I have to throw out Battaash because he didn’t win a Group 1. The others all won one each, but Merchant Navy only raced twice in the Northern Hemisphere and was off to stud after Royal Ascot. Sands Of Mali emerged as a contender only after winning the British Champions Sprint last month and still has something to prove on decent ground, so it has to be Mab’s Cross. She ran seven times, was never out of the first four, took in the top five-furlong races and won her Group 1 in the ultra-prestigious Abbaye on Arc day.

Cartier Stayer   

Holdthasigreen
Kew Gardens
Stradivarius
Vazirabad

My choice

No contest: Stradivarius        

Further reading: What this magnificent Thoroughbred has achieved could have a lasting impact on the breed          

Cartier Two-Year-Old Colt

Advertise
Quorto
Ten Sovereigns
Too Darn Hot

My choice

You could try to make cases for Quorto and Ten Sovereigns, but you wouldn’t convince anyone. Too Darn Hot is the only option. (That makes it four of the eight awards for Gosden, although he will probably win five tomorrow night - the voters are unlikely to place Poet’s Word ahead of both, or either, Enable and Cracksman.)

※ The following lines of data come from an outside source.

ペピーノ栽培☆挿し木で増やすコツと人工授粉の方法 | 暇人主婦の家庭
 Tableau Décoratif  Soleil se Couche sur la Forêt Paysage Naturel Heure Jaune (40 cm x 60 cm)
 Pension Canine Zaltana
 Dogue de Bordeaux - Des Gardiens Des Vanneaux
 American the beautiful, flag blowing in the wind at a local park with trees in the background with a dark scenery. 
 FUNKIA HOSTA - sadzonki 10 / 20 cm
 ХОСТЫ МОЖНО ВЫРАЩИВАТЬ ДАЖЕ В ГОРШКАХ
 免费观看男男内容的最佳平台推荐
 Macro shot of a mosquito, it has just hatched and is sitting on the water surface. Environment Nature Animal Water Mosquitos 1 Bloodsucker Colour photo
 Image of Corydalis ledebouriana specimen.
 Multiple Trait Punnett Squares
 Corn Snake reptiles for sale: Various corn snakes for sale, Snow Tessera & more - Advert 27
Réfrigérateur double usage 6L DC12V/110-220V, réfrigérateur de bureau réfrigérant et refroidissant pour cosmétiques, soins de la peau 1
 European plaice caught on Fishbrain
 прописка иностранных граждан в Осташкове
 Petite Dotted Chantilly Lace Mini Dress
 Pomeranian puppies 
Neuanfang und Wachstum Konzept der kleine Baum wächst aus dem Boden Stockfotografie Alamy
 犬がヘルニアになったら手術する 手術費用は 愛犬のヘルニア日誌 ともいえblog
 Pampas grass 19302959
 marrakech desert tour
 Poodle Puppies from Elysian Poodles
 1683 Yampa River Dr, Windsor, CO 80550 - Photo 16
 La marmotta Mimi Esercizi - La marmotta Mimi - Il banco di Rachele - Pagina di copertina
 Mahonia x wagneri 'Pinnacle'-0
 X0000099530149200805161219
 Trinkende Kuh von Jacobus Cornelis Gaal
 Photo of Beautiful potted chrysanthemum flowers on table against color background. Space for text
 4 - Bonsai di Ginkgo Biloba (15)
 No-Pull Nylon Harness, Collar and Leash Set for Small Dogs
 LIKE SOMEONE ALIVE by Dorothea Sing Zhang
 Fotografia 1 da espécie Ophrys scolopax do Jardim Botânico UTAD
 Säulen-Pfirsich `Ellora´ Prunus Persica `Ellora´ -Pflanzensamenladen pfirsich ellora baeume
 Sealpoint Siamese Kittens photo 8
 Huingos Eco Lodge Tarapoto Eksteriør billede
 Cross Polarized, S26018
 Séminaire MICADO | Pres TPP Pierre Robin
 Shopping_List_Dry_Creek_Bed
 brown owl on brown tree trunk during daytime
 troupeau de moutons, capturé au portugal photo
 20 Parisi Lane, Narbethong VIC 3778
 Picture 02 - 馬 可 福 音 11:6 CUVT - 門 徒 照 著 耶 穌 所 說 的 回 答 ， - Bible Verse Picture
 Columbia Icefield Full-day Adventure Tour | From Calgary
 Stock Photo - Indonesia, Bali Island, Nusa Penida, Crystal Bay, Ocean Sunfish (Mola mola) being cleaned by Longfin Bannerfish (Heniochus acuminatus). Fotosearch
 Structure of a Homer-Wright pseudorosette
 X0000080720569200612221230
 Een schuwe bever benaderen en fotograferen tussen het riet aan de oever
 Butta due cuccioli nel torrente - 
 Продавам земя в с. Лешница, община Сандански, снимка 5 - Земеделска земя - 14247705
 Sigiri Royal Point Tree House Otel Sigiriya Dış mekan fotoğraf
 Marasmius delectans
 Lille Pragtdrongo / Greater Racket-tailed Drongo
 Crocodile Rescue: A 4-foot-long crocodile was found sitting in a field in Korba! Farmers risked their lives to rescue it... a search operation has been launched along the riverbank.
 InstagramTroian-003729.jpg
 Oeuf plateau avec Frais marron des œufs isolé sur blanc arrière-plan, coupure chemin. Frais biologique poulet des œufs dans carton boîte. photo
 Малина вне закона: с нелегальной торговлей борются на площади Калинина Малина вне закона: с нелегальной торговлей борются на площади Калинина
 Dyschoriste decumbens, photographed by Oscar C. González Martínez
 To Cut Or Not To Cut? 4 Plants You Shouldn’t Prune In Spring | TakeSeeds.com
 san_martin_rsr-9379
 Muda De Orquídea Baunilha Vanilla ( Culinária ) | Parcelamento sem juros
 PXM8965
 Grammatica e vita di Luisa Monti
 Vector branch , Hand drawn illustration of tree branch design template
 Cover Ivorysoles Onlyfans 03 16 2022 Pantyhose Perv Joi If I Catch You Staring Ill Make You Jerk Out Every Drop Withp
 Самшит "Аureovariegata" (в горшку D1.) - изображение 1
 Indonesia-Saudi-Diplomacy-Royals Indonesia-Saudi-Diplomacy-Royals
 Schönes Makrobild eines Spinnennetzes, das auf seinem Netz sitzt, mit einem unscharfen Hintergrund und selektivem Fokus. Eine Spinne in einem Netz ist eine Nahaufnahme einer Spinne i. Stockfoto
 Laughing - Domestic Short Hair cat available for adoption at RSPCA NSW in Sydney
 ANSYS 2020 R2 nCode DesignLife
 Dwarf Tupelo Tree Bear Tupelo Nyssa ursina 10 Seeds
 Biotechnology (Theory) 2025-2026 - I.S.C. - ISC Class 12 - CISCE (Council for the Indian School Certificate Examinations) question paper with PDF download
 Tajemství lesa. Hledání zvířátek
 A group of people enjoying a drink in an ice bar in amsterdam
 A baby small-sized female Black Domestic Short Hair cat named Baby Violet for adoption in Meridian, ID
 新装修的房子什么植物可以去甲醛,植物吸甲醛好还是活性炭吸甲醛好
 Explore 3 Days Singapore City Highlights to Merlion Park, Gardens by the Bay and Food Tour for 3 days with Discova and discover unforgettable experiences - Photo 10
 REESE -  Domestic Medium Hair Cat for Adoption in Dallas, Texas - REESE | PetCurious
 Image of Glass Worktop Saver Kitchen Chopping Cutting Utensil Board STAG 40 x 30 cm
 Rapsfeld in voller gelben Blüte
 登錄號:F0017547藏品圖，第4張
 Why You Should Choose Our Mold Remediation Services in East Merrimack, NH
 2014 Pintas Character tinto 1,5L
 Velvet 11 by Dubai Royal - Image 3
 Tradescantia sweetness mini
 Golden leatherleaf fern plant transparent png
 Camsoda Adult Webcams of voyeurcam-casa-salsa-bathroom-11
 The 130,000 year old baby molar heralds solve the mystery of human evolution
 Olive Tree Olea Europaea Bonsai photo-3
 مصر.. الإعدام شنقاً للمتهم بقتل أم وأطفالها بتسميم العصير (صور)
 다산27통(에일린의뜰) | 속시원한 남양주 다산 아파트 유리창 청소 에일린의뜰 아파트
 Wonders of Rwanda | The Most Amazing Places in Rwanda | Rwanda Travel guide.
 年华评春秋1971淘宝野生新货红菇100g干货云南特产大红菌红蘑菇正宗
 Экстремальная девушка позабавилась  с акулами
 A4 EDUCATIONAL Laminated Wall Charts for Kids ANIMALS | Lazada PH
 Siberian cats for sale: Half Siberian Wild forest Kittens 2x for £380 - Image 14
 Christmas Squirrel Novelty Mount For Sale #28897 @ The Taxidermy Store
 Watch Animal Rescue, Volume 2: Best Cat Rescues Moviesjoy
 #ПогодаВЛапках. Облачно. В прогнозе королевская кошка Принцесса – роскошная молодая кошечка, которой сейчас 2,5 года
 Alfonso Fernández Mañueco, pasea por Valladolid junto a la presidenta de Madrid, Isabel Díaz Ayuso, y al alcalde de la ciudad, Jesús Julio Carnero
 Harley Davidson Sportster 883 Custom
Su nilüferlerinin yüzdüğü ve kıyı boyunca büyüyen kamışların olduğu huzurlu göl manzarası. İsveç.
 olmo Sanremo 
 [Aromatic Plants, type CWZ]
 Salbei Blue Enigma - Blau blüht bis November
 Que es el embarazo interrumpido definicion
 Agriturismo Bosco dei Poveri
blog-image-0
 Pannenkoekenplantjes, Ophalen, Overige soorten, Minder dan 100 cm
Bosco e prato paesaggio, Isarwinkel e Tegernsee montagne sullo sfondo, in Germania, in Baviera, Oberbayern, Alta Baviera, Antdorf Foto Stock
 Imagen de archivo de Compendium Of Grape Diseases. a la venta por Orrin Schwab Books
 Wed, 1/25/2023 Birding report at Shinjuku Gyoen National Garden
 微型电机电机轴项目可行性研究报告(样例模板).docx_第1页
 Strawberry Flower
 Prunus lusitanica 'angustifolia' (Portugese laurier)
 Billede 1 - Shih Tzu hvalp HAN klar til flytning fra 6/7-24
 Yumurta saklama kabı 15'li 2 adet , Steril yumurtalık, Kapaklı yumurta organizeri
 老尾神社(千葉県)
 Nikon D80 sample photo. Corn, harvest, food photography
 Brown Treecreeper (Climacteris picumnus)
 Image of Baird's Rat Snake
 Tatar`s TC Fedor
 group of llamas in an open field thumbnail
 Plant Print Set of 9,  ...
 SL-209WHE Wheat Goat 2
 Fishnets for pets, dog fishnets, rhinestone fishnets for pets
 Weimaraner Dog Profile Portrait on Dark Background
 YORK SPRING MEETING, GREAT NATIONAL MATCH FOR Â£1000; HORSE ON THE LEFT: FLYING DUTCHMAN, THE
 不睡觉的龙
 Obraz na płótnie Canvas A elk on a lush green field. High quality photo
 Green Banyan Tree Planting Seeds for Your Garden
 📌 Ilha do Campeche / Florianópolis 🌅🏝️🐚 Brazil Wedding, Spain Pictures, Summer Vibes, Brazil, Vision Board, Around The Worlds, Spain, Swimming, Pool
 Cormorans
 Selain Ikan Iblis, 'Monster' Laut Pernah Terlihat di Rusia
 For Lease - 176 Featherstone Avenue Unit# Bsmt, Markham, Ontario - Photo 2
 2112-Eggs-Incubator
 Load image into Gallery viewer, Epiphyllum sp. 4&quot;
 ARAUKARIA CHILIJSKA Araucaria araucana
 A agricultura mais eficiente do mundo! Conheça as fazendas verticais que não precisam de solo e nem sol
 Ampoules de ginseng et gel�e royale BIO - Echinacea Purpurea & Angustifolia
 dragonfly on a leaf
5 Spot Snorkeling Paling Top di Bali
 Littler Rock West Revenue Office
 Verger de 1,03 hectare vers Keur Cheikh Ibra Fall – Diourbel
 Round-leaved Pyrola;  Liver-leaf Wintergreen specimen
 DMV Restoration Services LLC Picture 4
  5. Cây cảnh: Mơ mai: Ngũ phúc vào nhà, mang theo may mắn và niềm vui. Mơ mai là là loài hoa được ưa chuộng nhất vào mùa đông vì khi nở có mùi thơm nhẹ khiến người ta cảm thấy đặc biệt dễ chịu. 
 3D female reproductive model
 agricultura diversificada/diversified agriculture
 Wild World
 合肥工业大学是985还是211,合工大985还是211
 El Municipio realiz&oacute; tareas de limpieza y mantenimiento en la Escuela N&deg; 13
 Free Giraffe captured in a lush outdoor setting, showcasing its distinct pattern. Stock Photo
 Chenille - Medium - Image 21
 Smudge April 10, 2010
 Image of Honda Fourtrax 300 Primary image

Cartier Two-Year-Old Filly

Fairyland
Hermosa
Pretty Pollyanna
Skitter Scatter

My choice

Skitter Scatter went from strength to strength over seven outings from her March debut to her final run of the year, a win in the G1 Moyglare Stud Stakes at the Curragh in September. She just shades it over Fairyland.

Further reading: All Skitter Scatter needed to do was win one race
 

In addition to the eight equine awards, the Cartier/Daily Telegraph Award of Merit will be presented to the person or persons who, in the opinion of the special 15-strong Cartier Jury, has/have done the most for European racing and/or breeding either over their lifetime or within the past 12 months. The ten latest recipients have been Sir Michael Stoute, Aidan O'Brien, Jack Berry, Sheikh Hamdan Al Maktoum, Jim Bolger, Team Frankel, Barry Hills, Richard Hannon, John Oxx and Sheikh Mohammed.